Dive Brief:
- Spot electricity prices in California, the second-leading power-consuming state, jumped to the highest seasonal level in six years and next-day delivery prices were the highest in two months as record heat drove high air-conditioning use and electricity demand.
- On-peak power at Northern California’s NP15 hub, including San Francisco, for next-day delivery rose on May 12 by $4.68, or 7.8%, to $64.93 a megawatt-hour and at the SP15 hub in Southern California it rose by $2.19, or 3.5%, to $64.95 a megawatt-hour.
- The record heat comes during California’s record four-year drought that has diminished the state’s hydroelectric resource and driven the natural gas inventory to near a ten-year low, with both shortages worsened by the closure of the 2,200 megawatt San Onofre Nuclear Generating Station.
Dive Insight:
Temperatures in California’s interior valleys have exceeded 100 degrees Fahrenheit and the usually mild San Francisco temperature approached 90 degrees.

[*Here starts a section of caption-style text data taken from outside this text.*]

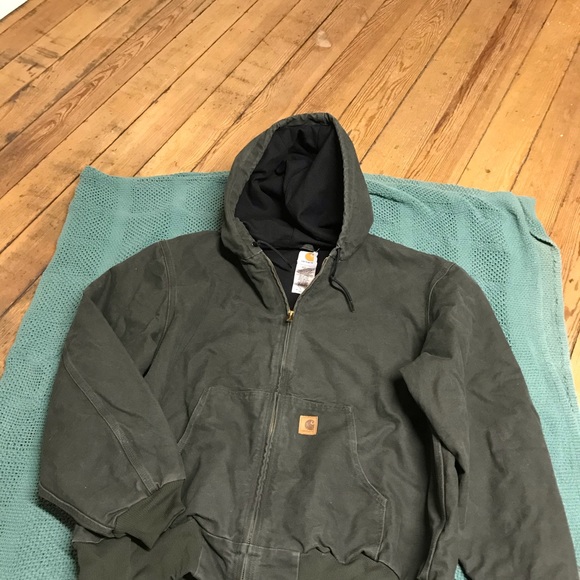 Carhartt Other - Carhartt jacket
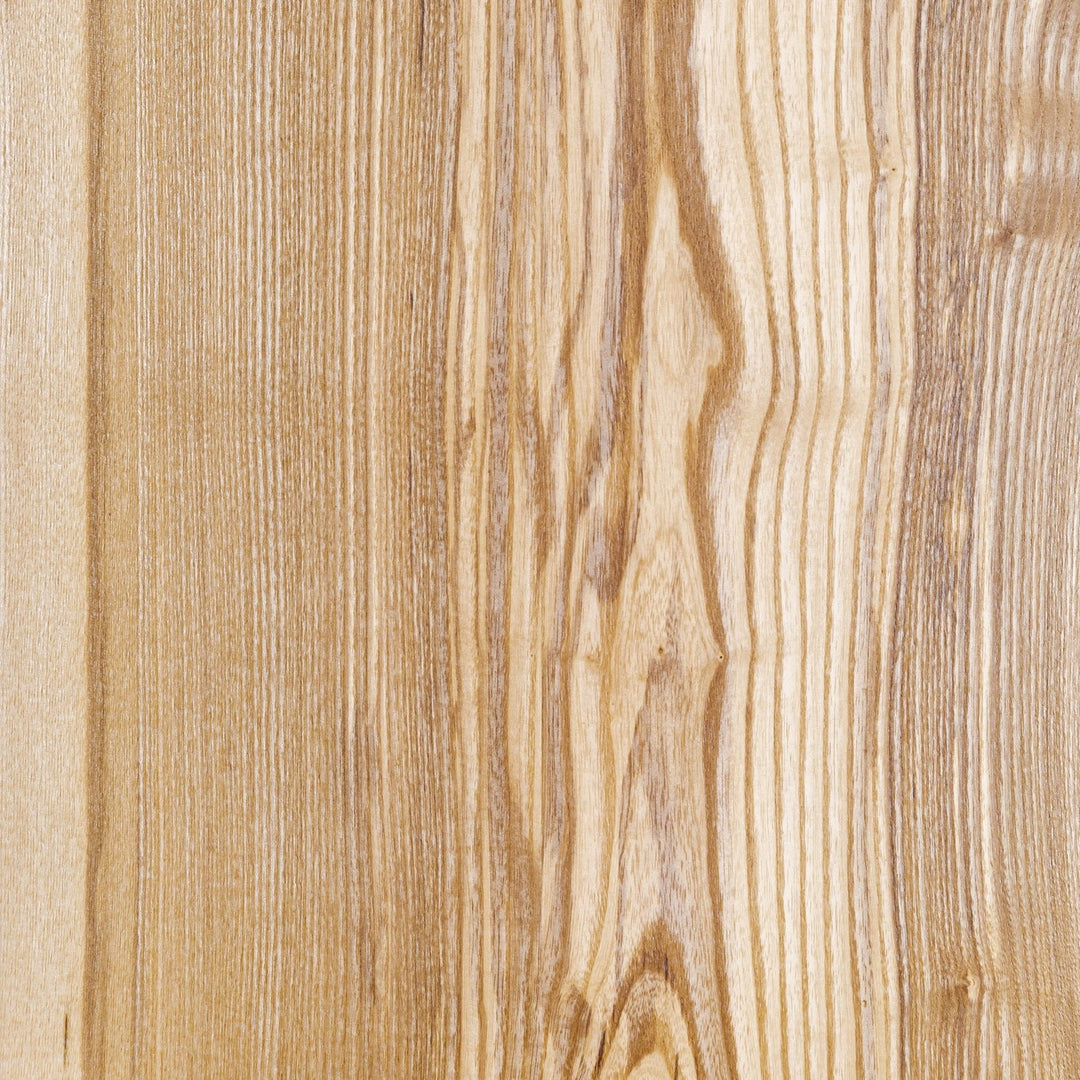 Ash Wood Veneer Texture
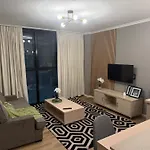 Cbd River City Suites With Free Carpark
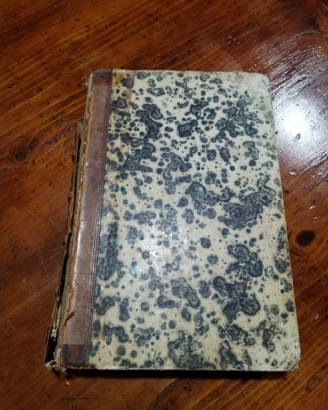 FABLES DE LA FONTAINE (Tome 2) 1843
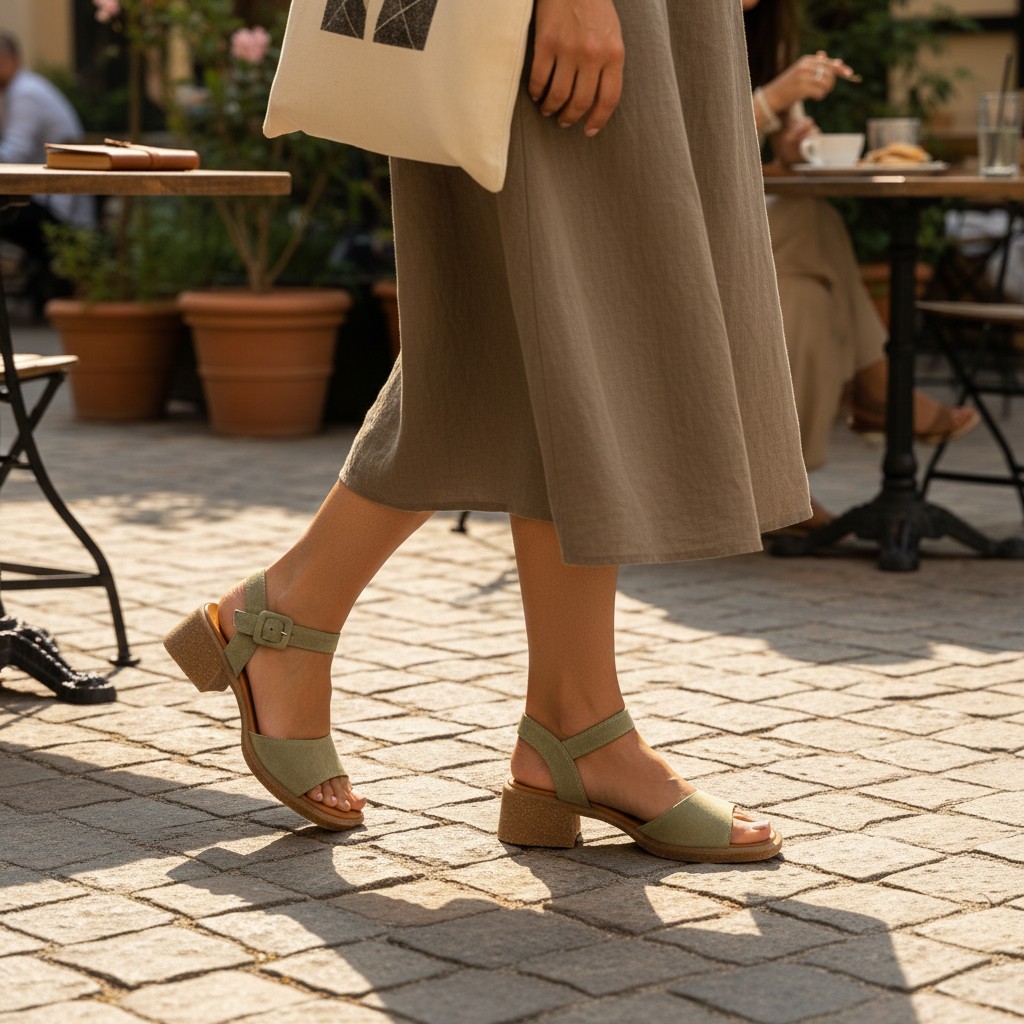 Polaris 54 (Product Staging)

PG&E is monitoring its electricity supply but has not encountered shortages, Sacramento Municipal Utility District has approached its record peak demand for the first time in eight years, and Southern California Edison is working to make up for the absence of San Onofre and the natural gas shortage.
California spot gas prices have been trading at seasonal highs since February, with the PG&E City Gate price going up 4.01 cents, 0.8%, to $5.0822 per million British thermal units on May 12 and the SoCal City Gate price going up 13.86 cents, 2.9%, to $4.9689 per million British thermal units.
Gas inventories in the U.S. West dropped to 160 billion cubic feet in late March, the lowest in 10 years, and were at 203 billion at the beginning of May, 37% below the five-year average and 41% lower than year-earlier levels.
The early heat “is what everyone feared,” energy consultant Stephen Schork said. “We’ve slashed our nuclear capacity and the state is absolutely vulnerable to demand spikes.”